Another reason is a less positivist version of the first (or really, more positivist, because it relies not on Danielewskian architecture, but on visible or reproducible or nameable ploys to evoke the negative): the joke expands into commentary and comedy not just out of what we have but what we pretend or think we don't have. The defensive functions, for example, of denial, so usefully employed by so many of the birthers who insist, sincerely, that they are not racists; their sincerity is not a function of integrity but a product of total submission to denial, and so their jokes are ones they can share with their (imaginary, or otherwise depressed and frustrated) "black friends". If the psychology of defensive functions, of denial and reaction formation and repression, of compromise and displacement. which can construct out of a few snippets of words a system of the world and an appreciation of that world by infiltrating the spaces between the words and in the words with the materials of the unconscious without even necessarily being aware that you are doing this, are not your cups of tea, then the joke still hinges at the unspoken and the unspeakable, the actively-forgotten; and if this isn't your cup of tea either, then take your thirst somewhere else.
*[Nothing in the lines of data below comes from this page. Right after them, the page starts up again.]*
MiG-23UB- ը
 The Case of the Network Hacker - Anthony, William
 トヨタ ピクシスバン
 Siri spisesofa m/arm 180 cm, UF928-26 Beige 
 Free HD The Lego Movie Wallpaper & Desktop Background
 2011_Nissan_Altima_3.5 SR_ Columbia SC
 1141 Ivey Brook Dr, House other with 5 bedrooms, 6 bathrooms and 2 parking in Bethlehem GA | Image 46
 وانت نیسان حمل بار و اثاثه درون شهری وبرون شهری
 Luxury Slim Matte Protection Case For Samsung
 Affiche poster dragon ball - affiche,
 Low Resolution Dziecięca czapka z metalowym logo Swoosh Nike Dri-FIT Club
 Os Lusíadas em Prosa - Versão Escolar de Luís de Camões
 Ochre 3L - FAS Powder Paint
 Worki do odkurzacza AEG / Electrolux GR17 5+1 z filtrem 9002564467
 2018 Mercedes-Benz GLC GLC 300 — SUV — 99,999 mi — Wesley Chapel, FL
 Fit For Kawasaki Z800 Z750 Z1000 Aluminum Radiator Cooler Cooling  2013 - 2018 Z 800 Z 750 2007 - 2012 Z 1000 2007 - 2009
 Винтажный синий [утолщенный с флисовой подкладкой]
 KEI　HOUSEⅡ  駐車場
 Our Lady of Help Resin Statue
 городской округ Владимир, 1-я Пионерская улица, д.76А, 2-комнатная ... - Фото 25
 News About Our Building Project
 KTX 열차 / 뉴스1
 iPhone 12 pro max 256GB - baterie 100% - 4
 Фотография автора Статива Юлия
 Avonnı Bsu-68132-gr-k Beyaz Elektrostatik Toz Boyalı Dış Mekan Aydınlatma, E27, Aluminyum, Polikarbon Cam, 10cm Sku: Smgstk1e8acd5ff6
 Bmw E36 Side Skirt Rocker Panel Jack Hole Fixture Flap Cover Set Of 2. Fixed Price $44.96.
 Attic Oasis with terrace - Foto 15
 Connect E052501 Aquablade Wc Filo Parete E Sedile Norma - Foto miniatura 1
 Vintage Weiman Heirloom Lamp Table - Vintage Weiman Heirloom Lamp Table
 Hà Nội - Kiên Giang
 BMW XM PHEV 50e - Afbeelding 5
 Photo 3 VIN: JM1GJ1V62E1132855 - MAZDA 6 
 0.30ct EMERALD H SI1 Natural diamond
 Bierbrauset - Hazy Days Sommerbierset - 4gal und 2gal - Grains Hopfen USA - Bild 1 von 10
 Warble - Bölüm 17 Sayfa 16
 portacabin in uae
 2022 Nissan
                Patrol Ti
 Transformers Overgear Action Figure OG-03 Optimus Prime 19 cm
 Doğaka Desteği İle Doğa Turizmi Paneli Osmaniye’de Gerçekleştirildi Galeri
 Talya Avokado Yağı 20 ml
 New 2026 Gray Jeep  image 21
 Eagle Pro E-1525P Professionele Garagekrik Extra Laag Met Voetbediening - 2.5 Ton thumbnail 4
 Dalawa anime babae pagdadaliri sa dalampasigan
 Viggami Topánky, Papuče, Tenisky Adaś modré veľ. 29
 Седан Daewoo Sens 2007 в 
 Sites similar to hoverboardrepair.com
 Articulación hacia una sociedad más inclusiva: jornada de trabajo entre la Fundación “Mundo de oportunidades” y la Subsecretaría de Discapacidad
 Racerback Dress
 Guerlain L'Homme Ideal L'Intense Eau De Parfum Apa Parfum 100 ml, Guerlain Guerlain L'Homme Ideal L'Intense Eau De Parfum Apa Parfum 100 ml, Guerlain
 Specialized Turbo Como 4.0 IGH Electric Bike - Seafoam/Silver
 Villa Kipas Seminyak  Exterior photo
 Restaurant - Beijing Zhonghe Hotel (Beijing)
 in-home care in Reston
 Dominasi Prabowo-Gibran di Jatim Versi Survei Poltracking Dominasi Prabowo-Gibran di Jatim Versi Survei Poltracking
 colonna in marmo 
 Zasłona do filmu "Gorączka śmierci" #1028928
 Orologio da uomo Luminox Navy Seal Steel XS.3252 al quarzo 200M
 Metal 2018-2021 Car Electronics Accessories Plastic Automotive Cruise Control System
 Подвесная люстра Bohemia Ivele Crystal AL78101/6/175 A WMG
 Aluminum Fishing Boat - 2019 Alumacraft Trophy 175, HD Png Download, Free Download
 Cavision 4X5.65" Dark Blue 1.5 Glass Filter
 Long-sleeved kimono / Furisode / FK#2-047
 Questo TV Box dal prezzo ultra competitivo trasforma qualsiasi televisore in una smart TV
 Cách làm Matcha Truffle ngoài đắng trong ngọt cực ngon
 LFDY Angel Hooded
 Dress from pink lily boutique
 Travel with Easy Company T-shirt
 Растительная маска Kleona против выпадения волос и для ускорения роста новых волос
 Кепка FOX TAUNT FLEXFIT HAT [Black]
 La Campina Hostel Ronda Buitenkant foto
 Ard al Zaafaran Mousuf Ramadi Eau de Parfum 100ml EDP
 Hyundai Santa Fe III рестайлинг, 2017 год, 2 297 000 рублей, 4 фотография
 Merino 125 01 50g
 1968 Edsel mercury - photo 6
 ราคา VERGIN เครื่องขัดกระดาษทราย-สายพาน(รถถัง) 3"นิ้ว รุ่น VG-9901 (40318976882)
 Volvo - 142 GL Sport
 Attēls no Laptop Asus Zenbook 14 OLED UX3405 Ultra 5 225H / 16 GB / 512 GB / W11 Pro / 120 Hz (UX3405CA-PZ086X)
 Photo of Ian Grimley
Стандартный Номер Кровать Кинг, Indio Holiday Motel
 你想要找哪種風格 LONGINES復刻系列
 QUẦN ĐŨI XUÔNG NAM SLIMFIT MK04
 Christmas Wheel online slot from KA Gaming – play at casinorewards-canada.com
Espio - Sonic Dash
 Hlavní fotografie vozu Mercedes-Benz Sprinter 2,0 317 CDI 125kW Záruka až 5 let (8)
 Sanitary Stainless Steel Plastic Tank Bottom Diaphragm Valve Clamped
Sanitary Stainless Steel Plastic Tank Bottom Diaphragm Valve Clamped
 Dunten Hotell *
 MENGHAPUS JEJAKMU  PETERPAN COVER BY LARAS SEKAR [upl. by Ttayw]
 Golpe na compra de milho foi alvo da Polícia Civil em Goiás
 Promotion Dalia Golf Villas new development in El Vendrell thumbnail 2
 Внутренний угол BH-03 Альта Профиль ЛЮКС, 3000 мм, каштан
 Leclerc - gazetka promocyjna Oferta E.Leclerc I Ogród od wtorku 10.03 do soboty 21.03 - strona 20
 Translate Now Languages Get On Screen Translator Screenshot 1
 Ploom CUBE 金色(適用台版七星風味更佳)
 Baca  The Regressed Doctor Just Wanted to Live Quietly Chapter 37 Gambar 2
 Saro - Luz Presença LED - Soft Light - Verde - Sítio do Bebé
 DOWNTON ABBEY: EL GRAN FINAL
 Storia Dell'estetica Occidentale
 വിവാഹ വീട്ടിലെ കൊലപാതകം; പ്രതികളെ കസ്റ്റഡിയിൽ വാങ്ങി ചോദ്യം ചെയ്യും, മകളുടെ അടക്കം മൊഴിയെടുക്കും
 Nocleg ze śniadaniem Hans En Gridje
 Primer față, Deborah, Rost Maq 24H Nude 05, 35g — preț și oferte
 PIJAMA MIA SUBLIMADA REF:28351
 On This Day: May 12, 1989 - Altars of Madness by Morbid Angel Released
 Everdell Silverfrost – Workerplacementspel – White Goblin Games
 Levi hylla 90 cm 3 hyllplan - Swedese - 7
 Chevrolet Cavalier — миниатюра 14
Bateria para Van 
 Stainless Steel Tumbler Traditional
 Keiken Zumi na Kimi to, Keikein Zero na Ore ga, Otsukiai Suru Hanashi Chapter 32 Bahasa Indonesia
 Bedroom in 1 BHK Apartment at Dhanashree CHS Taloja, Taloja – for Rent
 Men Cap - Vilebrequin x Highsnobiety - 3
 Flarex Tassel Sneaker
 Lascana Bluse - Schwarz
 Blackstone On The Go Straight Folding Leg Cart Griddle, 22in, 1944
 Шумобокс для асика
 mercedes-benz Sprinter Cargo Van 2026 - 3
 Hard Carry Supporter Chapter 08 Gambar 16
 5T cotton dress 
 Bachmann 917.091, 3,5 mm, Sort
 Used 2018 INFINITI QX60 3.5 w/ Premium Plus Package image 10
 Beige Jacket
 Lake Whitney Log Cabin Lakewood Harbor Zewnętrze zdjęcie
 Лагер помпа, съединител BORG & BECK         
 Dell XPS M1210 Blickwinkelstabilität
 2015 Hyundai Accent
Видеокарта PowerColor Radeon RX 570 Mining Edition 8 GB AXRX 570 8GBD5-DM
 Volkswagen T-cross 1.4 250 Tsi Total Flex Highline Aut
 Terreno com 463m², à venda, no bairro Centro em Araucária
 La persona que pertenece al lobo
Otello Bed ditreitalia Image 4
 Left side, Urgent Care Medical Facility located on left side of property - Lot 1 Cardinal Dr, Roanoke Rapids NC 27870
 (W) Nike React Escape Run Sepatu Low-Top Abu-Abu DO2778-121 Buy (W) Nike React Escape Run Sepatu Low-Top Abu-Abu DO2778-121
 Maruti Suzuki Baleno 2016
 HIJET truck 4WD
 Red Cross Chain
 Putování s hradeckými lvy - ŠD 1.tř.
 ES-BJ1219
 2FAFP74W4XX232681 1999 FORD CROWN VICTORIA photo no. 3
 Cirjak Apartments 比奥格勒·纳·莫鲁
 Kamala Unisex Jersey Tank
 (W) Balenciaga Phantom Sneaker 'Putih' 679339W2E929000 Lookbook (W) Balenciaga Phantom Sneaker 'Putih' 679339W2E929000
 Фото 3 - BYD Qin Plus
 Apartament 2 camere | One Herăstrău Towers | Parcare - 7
I know you're asking: how is any of this different from the response to any art or any "text"? I really wish you wouldn't ask that, you bastards. To come up with an answer would be to come up with a final definition of comedy. I can offer two (non)answers. The first is that there is no quantitative difference, just a qualitative one, to which you are guided by the structure and the paradigms (or, really, the repertoire of paradigms) in comedy: surprise, reference and quotation, incongruity, etc., which designate the aesthetic experience a comedic one. The second is that comedy, unlike other forms, sustains an ambiguity within the resolution, where the dynamics of the ambiguities are not fully explained by the end result and yet remain decisive, whereas with other arts or other "texts" there is a completion which is suspended where the joke is decisive, and finalised where the joke presents only a blank stare.
Which is the same type of stare you're giving the screen right now, right?